* [Work instructions] Could you reproduce the lines below from the one with "14k Yellow Gold Diamond Double Heart Ring" through the one with "Blusa Negra de Encaje Completo"? Keep both ends and add nothing.
___ Input records ___
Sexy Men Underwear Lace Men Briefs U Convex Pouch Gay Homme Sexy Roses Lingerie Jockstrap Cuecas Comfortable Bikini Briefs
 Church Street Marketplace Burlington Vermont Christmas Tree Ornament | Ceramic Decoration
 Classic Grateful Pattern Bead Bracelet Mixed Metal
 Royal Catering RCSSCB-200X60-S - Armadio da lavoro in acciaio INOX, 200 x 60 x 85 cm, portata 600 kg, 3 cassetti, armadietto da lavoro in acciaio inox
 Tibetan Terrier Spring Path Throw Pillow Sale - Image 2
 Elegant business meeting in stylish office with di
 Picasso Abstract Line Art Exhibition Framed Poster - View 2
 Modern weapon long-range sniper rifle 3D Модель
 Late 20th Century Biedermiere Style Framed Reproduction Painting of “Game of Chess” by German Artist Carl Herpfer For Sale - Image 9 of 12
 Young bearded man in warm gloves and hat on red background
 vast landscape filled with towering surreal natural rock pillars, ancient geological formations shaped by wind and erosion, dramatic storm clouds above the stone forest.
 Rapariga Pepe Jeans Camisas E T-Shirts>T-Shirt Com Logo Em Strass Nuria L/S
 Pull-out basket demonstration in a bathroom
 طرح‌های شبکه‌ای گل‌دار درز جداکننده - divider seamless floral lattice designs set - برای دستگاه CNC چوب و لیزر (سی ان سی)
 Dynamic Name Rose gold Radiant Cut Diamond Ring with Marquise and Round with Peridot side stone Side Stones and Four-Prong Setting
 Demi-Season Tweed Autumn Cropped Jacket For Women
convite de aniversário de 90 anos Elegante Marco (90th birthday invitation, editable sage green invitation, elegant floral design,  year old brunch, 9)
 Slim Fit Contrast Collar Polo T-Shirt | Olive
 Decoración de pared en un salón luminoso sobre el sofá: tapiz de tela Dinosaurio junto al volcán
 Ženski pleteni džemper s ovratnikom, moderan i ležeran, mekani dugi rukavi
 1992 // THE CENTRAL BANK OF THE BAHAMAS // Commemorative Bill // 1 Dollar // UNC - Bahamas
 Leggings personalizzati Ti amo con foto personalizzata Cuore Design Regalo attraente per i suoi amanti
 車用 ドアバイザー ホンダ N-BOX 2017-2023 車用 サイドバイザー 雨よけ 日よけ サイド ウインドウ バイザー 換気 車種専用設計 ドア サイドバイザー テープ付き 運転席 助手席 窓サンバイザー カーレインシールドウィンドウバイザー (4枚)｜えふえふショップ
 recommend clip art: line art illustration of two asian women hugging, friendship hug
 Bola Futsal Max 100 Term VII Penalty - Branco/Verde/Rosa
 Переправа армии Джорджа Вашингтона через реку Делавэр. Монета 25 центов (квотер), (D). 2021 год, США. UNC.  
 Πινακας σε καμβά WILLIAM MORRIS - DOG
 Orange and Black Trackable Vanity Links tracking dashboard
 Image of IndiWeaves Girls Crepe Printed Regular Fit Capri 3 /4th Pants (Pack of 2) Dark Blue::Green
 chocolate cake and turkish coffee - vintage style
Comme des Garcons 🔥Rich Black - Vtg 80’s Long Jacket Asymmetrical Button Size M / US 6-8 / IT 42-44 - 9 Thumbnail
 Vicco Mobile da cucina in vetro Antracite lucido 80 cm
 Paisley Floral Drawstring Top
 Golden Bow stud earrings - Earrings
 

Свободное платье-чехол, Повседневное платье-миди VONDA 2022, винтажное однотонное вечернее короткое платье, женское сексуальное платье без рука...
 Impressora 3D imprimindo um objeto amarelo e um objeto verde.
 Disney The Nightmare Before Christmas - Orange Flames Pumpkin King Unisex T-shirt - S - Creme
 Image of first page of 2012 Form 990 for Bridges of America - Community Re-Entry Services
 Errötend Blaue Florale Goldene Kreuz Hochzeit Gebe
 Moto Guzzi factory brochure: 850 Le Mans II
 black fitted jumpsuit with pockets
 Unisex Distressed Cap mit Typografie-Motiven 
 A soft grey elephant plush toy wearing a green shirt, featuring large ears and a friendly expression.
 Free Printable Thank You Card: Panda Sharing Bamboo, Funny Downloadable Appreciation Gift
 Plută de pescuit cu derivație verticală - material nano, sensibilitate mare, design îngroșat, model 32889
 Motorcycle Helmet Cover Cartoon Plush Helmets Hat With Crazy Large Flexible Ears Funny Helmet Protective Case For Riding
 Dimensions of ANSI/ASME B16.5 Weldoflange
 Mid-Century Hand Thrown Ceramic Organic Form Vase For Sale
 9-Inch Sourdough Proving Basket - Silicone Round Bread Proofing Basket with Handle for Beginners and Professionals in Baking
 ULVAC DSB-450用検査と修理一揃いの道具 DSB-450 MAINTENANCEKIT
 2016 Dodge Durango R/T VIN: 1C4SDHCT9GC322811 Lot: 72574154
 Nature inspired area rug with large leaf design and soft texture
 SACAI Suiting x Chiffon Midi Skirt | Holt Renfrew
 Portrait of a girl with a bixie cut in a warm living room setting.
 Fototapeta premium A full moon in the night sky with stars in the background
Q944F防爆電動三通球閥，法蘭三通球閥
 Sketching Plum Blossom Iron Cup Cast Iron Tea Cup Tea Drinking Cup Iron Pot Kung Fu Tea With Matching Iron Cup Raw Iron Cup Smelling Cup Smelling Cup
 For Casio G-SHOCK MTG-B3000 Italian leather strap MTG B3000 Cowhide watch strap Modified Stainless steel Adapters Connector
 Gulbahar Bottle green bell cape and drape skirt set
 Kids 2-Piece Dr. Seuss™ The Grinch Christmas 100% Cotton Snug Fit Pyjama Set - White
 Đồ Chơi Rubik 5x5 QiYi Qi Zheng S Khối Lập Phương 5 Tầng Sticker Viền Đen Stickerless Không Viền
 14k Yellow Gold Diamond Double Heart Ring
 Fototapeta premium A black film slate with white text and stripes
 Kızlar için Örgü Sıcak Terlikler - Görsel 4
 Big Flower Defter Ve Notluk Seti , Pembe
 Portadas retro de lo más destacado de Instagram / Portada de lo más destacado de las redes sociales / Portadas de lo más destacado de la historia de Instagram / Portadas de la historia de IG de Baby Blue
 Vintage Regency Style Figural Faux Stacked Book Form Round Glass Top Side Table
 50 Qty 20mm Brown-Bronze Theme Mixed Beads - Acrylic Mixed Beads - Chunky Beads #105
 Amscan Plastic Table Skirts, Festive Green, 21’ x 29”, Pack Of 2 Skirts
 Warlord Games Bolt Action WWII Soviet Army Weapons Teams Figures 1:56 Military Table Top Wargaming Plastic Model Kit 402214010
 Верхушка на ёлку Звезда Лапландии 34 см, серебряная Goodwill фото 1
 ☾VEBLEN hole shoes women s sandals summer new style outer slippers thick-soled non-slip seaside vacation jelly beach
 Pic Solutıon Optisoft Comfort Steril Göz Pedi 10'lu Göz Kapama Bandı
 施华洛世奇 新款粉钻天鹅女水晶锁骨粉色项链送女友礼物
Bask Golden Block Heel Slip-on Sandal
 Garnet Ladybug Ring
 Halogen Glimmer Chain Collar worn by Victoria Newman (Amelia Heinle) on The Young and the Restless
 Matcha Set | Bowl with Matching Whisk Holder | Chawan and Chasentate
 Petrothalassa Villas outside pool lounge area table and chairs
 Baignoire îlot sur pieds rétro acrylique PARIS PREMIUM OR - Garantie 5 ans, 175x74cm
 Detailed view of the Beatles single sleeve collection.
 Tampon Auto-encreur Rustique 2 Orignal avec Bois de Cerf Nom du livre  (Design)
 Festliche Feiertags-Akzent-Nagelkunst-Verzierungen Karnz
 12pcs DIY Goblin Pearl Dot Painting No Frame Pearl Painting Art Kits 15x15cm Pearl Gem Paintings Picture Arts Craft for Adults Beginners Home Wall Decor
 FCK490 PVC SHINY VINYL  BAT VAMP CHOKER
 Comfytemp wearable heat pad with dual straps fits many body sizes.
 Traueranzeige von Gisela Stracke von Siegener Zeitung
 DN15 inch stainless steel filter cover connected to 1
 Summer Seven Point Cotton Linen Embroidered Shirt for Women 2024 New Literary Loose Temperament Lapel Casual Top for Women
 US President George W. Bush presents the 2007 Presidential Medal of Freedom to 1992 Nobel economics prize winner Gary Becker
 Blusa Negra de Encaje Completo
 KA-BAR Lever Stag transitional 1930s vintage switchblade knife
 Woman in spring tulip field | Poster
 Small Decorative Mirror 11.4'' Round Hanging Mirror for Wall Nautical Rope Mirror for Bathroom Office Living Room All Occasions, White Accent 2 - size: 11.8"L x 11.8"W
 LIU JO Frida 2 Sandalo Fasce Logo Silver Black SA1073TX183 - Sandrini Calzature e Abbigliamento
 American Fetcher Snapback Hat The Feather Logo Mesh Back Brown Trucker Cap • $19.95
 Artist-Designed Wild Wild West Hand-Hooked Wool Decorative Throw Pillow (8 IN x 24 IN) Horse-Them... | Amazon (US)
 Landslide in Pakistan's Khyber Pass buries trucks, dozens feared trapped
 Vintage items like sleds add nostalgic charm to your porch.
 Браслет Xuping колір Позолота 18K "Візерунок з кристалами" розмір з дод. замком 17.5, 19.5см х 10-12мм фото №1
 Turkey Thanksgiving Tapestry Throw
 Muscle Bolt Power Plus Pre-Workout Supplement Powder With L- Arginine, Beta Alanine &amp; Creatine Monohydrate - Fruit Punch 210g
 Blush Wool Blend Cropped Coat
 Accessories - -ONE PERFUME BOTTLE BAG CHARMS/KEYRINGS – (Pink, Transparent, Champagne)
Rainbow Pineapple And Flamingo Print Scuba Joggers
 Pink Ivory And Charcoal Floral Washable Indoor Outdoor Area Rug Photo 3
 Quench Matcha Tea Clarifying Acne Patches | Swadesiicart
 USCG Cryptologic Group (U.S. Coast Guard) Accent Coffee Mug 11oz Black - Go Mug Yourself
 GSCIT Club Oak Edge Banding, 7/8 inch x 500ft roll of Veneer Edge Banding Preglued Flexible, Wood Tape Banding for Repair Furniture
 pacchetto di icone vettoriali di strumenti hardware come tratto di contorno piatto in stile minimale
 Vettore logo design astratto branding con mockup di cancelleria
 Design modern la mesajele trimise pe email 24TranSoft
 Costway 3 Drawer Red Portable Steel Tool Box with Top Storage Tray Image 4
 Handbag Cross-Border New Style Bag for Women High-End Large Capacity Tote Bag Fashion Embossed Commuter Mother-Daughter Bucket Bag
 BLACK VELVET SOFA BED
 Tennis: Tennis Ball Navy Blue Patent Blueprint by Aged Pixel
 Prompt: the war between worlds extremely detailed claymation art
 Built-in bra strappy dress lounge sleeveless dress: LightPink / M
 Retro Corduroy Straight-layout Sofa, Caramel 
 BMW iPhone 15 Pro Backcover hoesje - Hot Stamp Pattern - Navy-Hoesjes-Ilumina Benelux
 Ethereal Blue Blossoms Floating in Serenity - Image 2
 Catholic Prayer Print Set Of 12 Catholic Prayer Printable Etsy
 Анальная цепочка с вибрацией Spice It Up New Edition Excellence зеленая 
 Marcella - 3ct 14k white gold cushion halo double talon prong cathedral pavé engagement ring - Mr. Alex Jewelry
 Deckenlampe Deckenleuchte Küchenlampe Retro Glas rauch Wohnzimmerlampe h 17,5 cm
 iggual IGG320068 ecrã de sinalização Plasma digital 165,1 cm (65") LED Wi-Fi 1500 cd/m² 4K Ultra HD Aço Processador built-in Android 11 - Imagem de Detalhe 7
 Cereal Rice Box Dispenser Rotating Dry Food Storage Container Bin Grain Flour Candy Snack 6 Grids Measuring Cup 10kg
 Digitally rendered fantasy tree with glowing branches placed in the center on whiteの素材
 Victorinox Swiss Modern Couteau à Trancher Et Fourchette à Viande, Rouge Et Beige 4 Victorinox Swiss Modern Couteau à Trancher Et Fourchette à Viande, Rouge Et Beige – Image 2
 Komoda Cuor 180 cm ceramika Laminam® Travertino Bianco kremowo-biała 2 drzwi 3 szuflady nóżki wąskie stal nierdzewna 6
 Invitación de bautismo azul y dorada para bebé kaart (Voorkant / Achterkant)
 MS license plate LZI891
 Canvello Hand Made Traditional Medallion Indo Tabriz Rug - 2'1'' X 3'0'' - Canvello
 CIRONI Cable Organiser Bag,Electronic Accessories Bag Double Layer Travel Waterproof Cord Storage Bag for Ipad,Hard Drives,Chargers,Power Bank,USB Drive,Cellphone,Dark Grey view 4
___
* [Task response]
 14k Yellow Gold Diamond Double Heart Ring
 Fototapeta premium A black film slate with white text and stripes
 Kızlar için Örgü Sıcak Terlikler - Görsel 4
 Big Flower Defter Ve Notluk Seti , Pembe
 Portadas retro de lo más destacado de Instagram / Portada de lo más destacado de las redes sociales / Portadas de lo más destacado de la historia de Instagram / Portadas de la historia de IG de Baby Blue
 Vintage Regency Style Figural Faux Stacked Book Form Round Glass Top Side Table
 50 Qty 20mm Brown-Bronze Theme Mixed Beads - Acrylic Mixed Beads - Chunky Beads #105
 Amscan Plastic Table Skirts, Festive Green, 21’ x 29”, Pack Of 2 Skirts
 Warlord Games Bolt Action WWII Soviet Army Weapons Teams Figures 1:56 Military Table Top Wargaming Plastic Model Kit 402214010
 Верхушка на ёлку Звезда Лапландии 34 см, серебряная Goodwill фото 1
 ☾VEBLEN hole shoes women s sandals summer new style outer slippers thick-soled non-slip seaside vacation jelly beach
 Pic Solutıon Optisoft Comfort Steril Göz Pedi 10'lu Göz Kapama Bandı
 施华洛世奇 新款粉钻天鹅女水晶锁骨粉色项链送女友礼物
Bask Golden Block Heel Slip-on Sandal
 Garnet Ladybug Ring
 Halogen Glimmer Chain Collar worn by Victoria Newman (Amelia Heinle) on The Young and the Restless
 Matcha Set | Bowl with Matching Whisk Holder | Chawan and Chasentate
 Petrothalassa Villas outside pool lounge area table and chairs
 Baignoire îlot sur pieds rétro acrylique PARIS PREMIUM OR - Garantie 5 ans, 175x74cm
 Detailed view of the Beatles single sleeve collection.
 Tampon Auto-encreur Rustique 2 Orignal avec Bois de Cerf Nom du livre  (Design)
 Festliche Feiertags-Akzent-Nagelkunst-Verzierungen Karnz
 12pcs DIY Goblin Pearl Dot Painting No Frame Pearl Painting Art Kits 15x15cm Pearl Gem Paintings Picture Arts Craft for Adults Beginners Home Wall Decor
 FCK490 PVC SHINY VINYL  BAT VAMP CHOKER
 Comfytemp wearable heat pad with dual straps fits many body sizes.
 Traueranzeige von Gisela Stracke von Siegener Zeitung
 DN15 inch stainless steel filter cover connected to 1
 Summer Seven Point Cotton Linen Embroidered Shirt for Women 2024 New Literary Loose Temperament Lapel Casual Top for Women
 US President George W. Bush presents the 2007 Presidential Medal of Freedom to 1992 Nobel economics prize winner Gary Becker
 Blusa Negra de Encaje Completo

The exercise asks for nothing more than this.